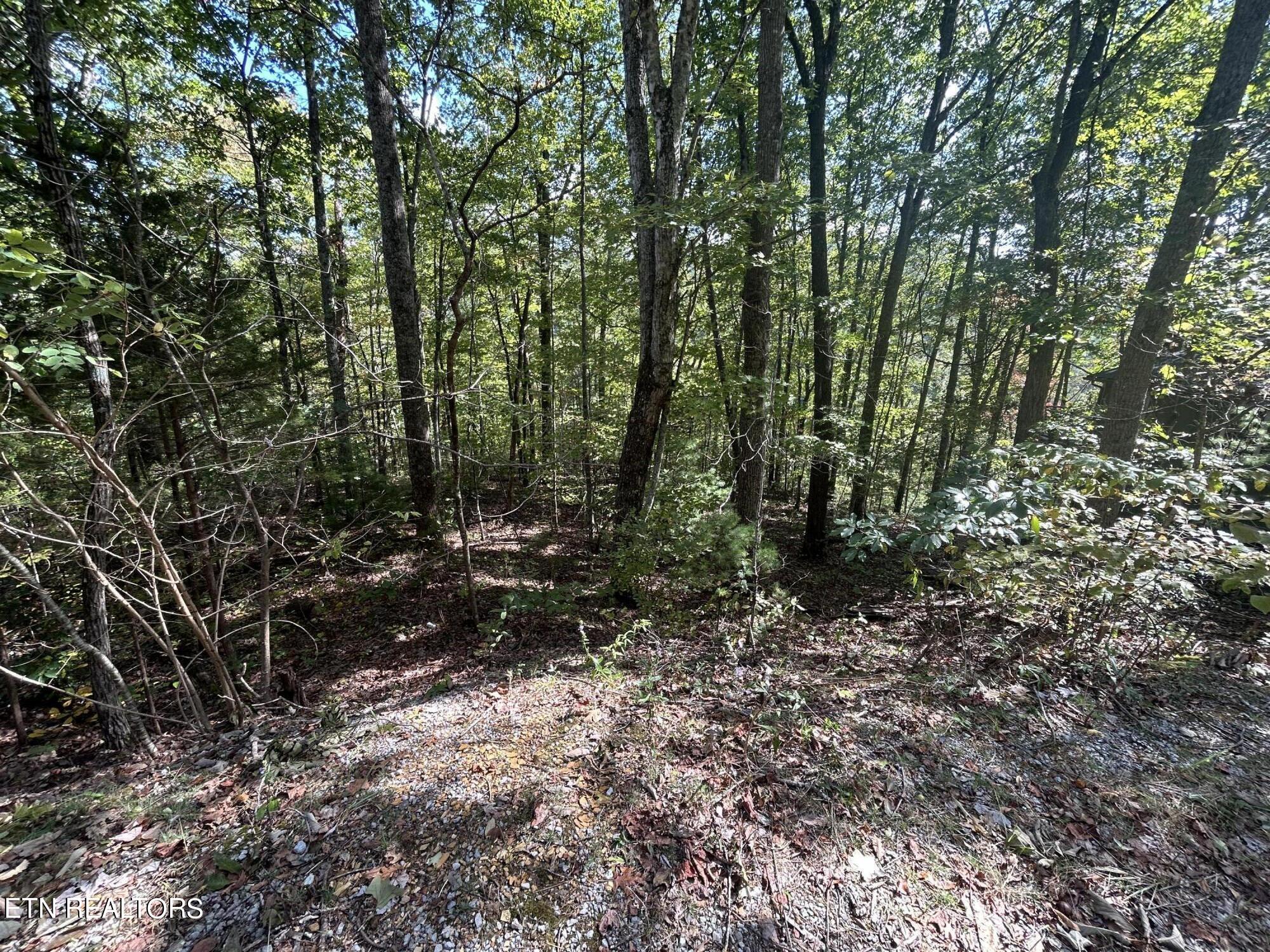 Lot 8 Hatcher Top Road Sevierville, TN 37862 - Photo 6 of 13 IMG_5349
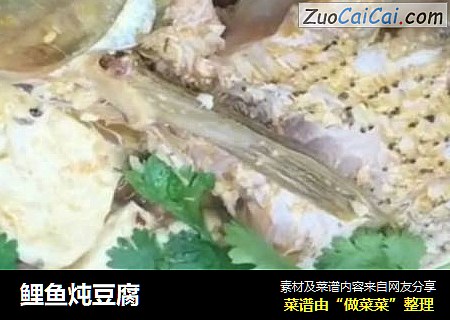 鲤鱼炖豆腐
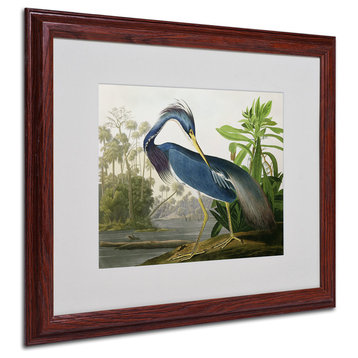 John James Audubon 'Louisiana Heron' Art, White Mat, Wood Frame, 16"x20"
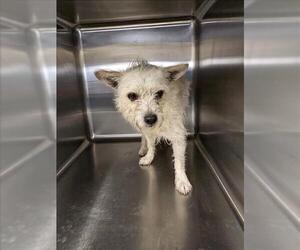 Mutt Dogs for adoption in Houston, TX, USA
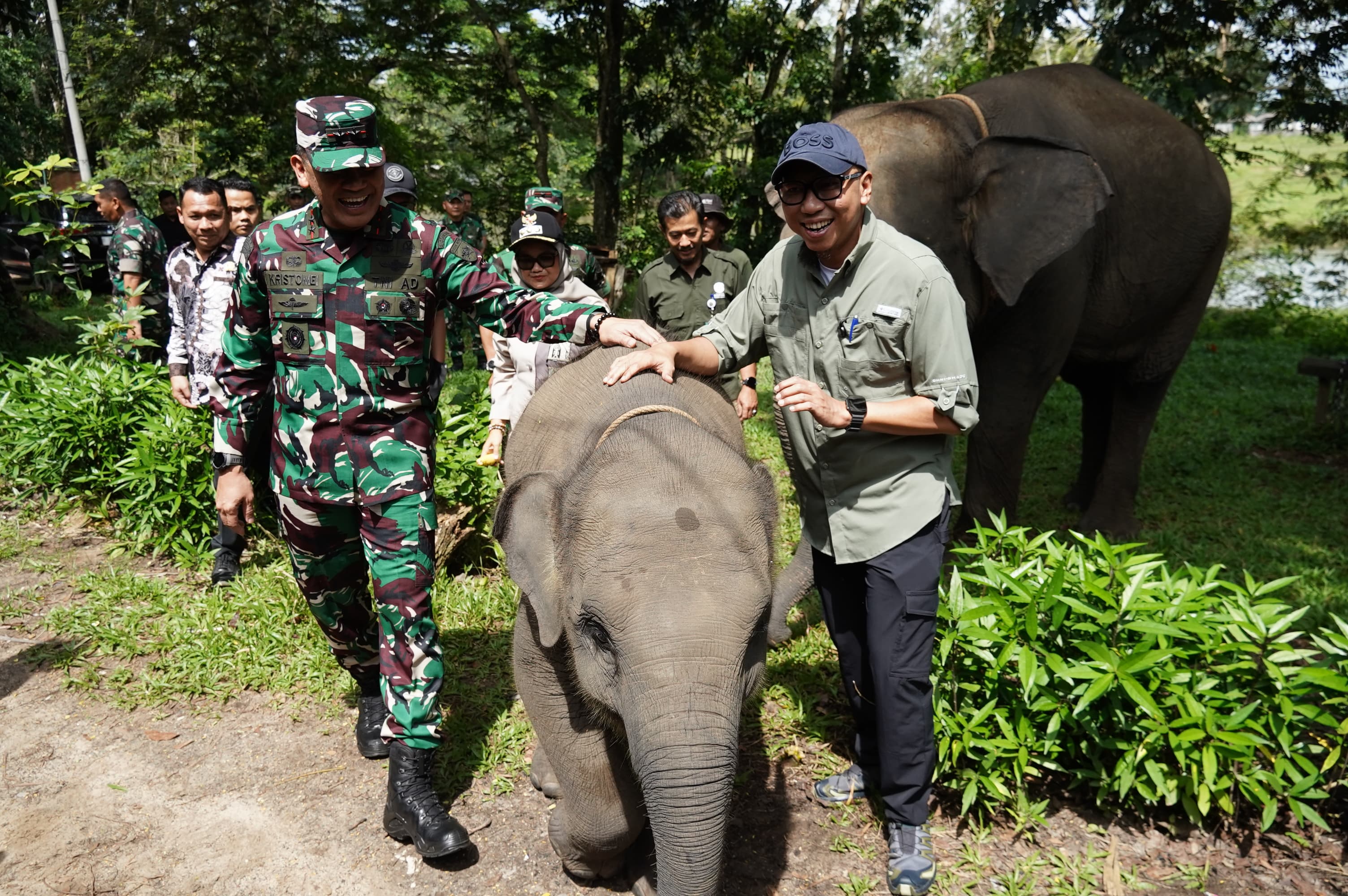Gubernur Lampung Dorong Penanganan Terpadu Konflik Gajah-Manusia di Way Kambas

*What this task involves*
Please set down every line of the data above precisely, dropping the images.

*Result*
 Lot 8 Hatcher Top Road Sevierville, TN 37862 - Photo 6 of 13 IMG_5349
 鲤鱼炖豆腐
 John James Audubon 'Louisiana Heron' Art, White Mat, Wood Frame, 16"x20"
 Mutt Dogs for adoption in Houston, TX, USA
Gubernur Lampung Dorong Penanganan Terpadu Konflik Gajah-Manusia di Way Kambas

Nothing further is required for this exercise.